Hyperoxia inhibits oxidant-induced apoptosis in lung epithelial cells

It has previously been shown that hyperoxia induces non-apoptotic cell death in cultured lung epithelial cells, whereas hydrogen peroxide (H2O2) and paraquat cause apoptosis, To test whether pathways leading to oxidative apoptosis in epithelial cells are sensitive to molecular O-2, A549 cells were exposed to 95% O-2, prior to exposure to lethal concentrations of H2O2. The extent of H2O2-induced apoptosis was significantly reduced in cells preexposed to hyperoxia compared with room-air controls. Preexposure of the hyperoxia-resistant HeLa-80 cell line to 80% O-2 also inhibited oxidant-induced apoptosis, suggesting that this inhibition is not due to O-2, toxicity. Because hyperoxia generates reactive oxygen species and activates the redox-sensitive transcription factor nuclear factor kappaB (NF-kappaB), the role of antioxidant enzymes and NF-kappaB were examined in this inhibitory process.

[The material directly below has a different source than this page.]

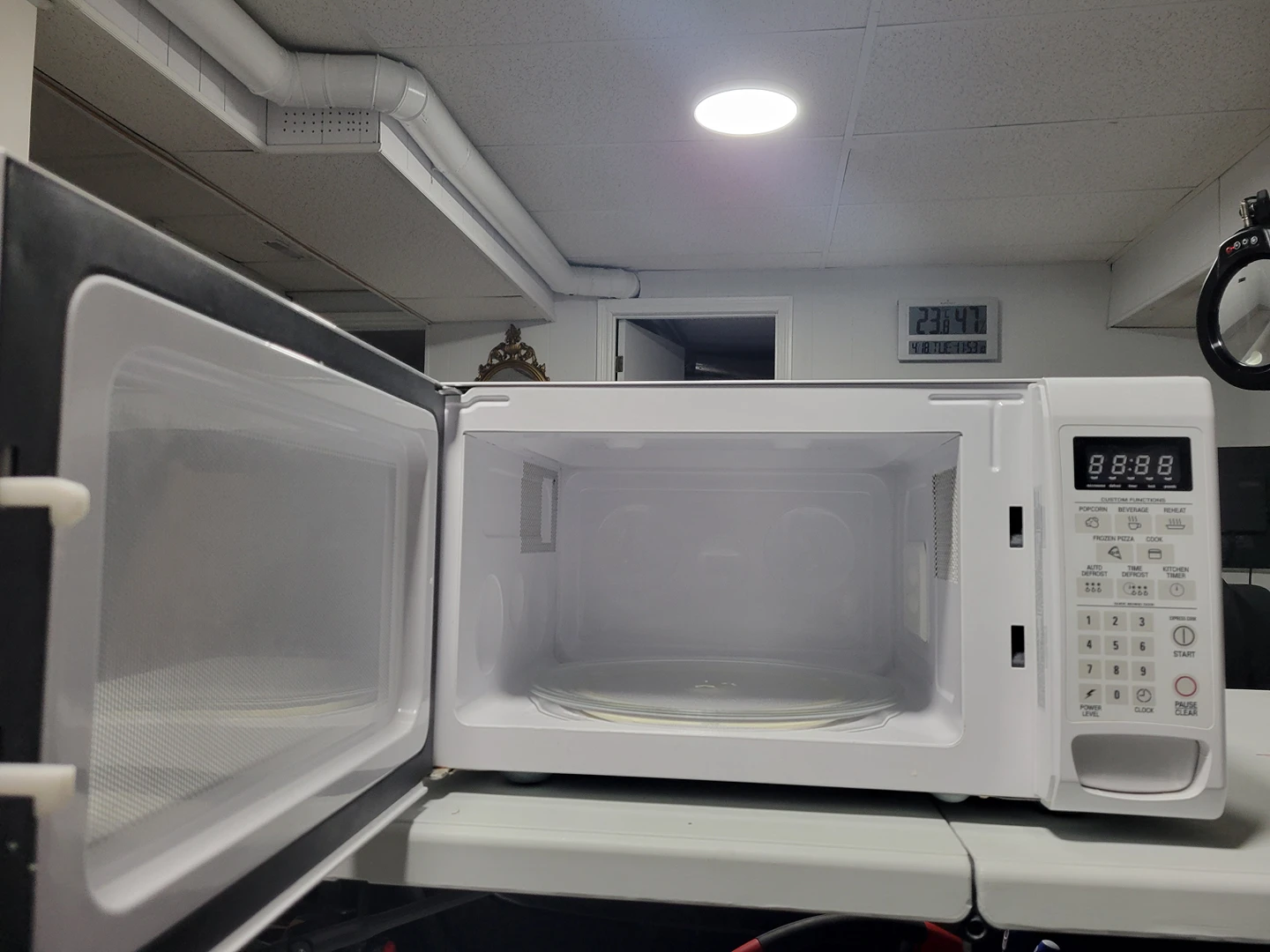 For Sale Microwave - photo 2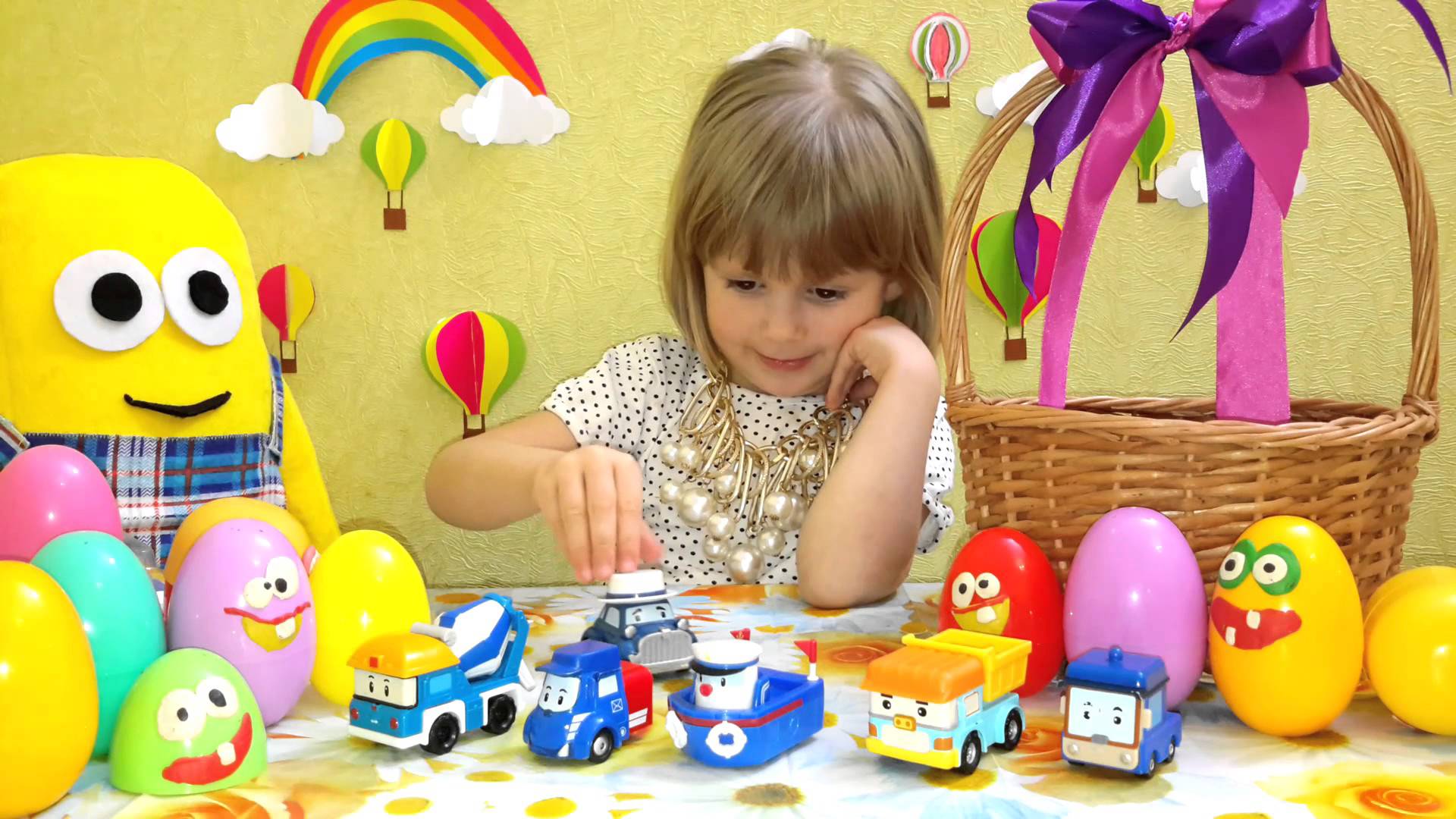 Poli-Robokar-Raspakovka-yajtsa-s-syurprizom-Robocar-Poli-toys-unboxing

The onset of inhibition appeared to be directly related to the degradation of I kappaB and subsequent activation of NF-kappaB (either by hyperoxia or TNF-alpha), whereas no significant up-regulation of endogenous antioxidant enzyme activities was found. In addition, suppression of NF-kappaB activities by transfecting A549 cells with a dominant-negative mutant construct of I kappaB significantly augmented the extent of H2O2-induced apoptosis. These data suggest that hyperoxia inhibits oxidant-induced apoptosis and that this inhibition is mediated by NF-kappaB.